Menteri Keuangan Sri Mulyani
Penulis: Zahwa Madjid
7/11/2023, 08.58 WIB

Pertumbuhan ekonomi kuartal ketiga 2023 dilaporkan hanya tumbuh 4,94%. Dalam perhitungan tahunan, angka tersebut lebih rendah dari pertumbuhan ekonomi pada kuartal kedua tahun ini 5,17%, dan lebih rendah dari periode yang sama tahun lalu, yakni 5,73%. Hal tersebut disampaikan oleh Badan Pusat Statistik (BPS) pada siang hari ini, Senin (6/11).

Menteri Keuangan Sri Mulyani mengatakan angka realisasi pertumbuhan ekonomi yang diumumkan BPS lebih rendah dibanding dengan outlook Kementerian Keuangan yang memperkirakan pertumbuhan Produk Domestik Bruto (PDB) di atas 5% pada kuartal ketiga tahun ini.

"Tentu kita melihat dari sisi pertumbuhan ekonomi 4,94% tadi kalau kita lihat dibandingkan dengan outlook yang selama ini biasanya Pak Febrio (Kepala BKF). Untuk yang dikeluarkan oleh BPS memang relatif lebih rendah dari yang kita ekspektasi," ujar Sri Mulyani dalam konferensi pers, Senin (6/11).

Menurut Sri Mulyani, angka pertumbuhan ekonomi yang lebih rendah itu sejalan dengan realisasi sumber pertumbuhan ekonomi utama. Yakni, konsumsi rumah tangga yang lebih lambat dari prediksi pemerintah. 

Dengan berbagai indikator yang menunjukan optimisme konsumer yang terjaga, pemerintah semula memproyeksi konsumsi rumah tangga dapat tumbuh lebih pesat.

Berdasarkan komponen pengeluaran, BPS mencatatkan sumber pertumbuhan ekonomi Indonesia terbesar masih berasal dari konsumsi rumah tangga. Komponen ini tumbuh 5,06% dan berkontribusi 52,62% terhadap PDB.

"Kita melihat consumer confidence-nya tinggi, namun penerjemahannya kepada konsumsi itu ternyata tidak setinggi yang kita harapkan. Ini perlu kita lihat pengaruhnya apa, apakah psikologis dengan kondisi El Nino, harga beras naik, dan berbagai faktor," kata Sri Mulyani.

Selain itu, Ia juga menyinggung tentang konsumsi pemerintah yang turun sebesar 3,76%. Sri Mulyani menjelaskan, secara historis belanja pemerintah yang lebih besar memang baru akan terjadi pada kuartal terakhir tahun.
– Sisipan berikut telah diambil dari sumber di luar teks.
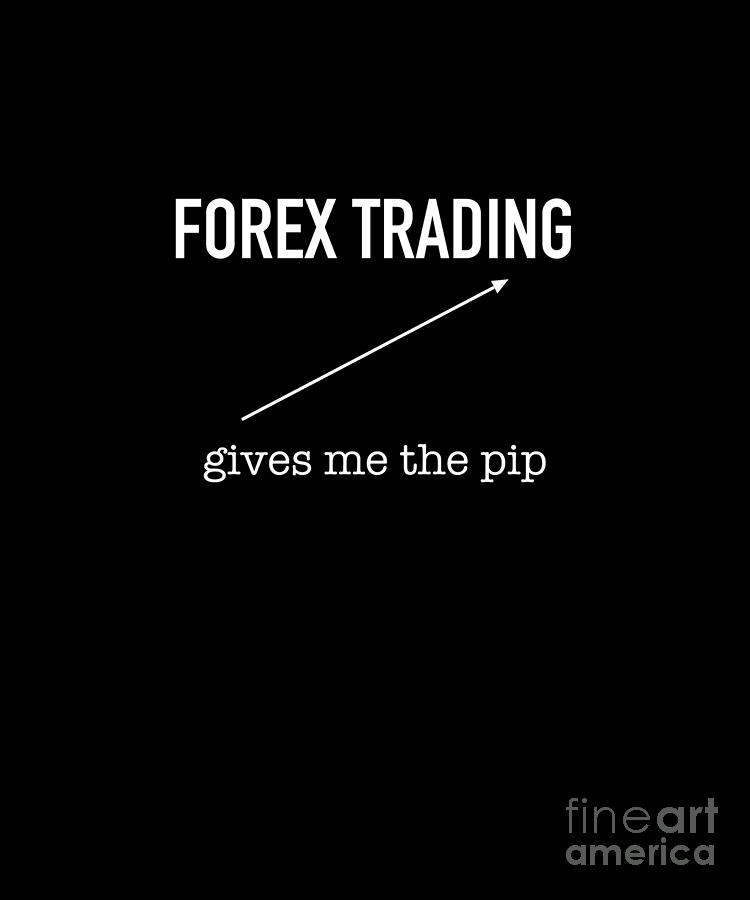 Funny Forex Trading Gift for Self Employed Foreign Exchange Trader #5 Digital Art by Barefoot Bodeez Art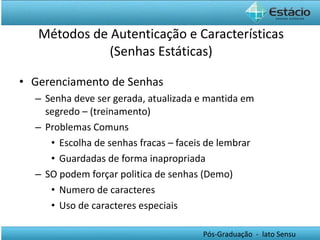 Métodos de Autenticação e Características (Senhas Estáticas) Gerenciamento de Senhas Senha deve ser gerada, atualizada e mantida em segredo – (treinamento) Problemas Comuns Escolha de senhas fracas – faceis de lembrar Guardadas de forma inapropriada SO podem forçar politica de senhas (Demo) Numero de caracteres Uso de caracteres especiais 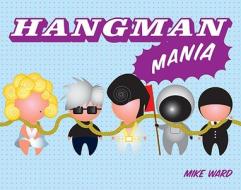 Hangman Mania di Mike Ward edito da Puzzlewright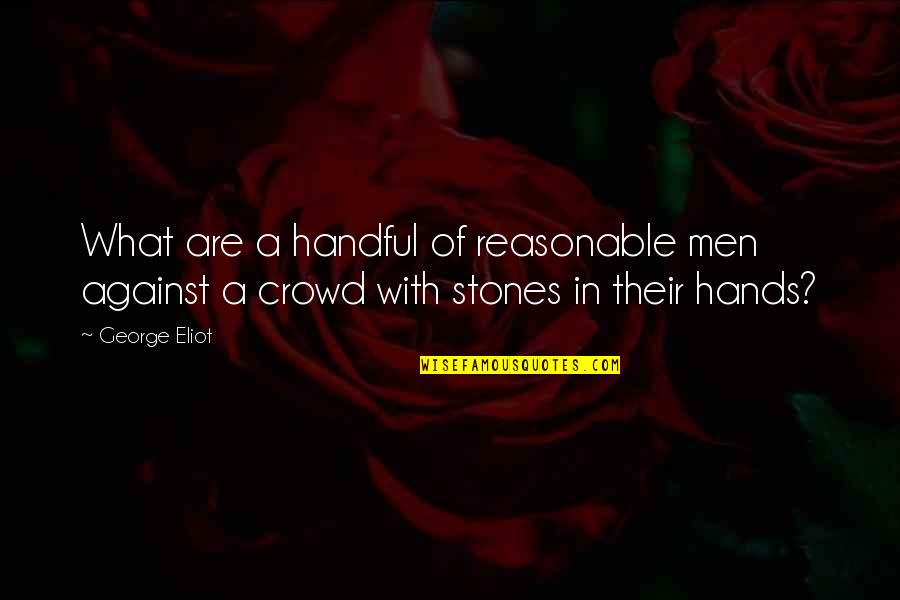 Beging Quotes By George Eliot: What are a handful of reasonable men against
"Kalau kita lihat dari alokasi belanja yang ada kita masih ada untuk triwulan terakhir jadi belanja yang ada di dalam APBN masih ada Rp 1.978 triliun," katanya.

Di tengah perlambatan dan kontraksi pertumbuhan itu, pemerintah menyoroti kinerja positif pembentukan modal tetap bruto (PMTB) atau investasi. Tercatat sumber pertumbuhan ekonomi meningkat 5,77% secara tahunan. Lebih tinggi dari kuartal sebelumnya 4,63% secara tahunan.

Pertumbuhan investasi yang lebih pesat itu, dinilai merefleksikan kinerja positif industri manufaktur Tanah Air, yang selama beberapa bulan terakhir terus berada di level ekspansif.

"Ini mengkonfirmasi dengan industri manufaktur dan masuknya capital inflow, jadi ini masih sangat positive story dari Indonesia yang kita akan coba untuk jaga terus," ucap dia.

Seiring dengan pertumbuhan ekonomi yang meleset dari proyeksi, pemerintah masih berupaya untuk mengejar target pertumbuhan ekonomi pada level 5,04% hingga akhir tahun 2023. Maka dari itu, pemerintah mengeluarkan berbagai paket kebijakan yang memuat beragam insentif dan bantuan sosial.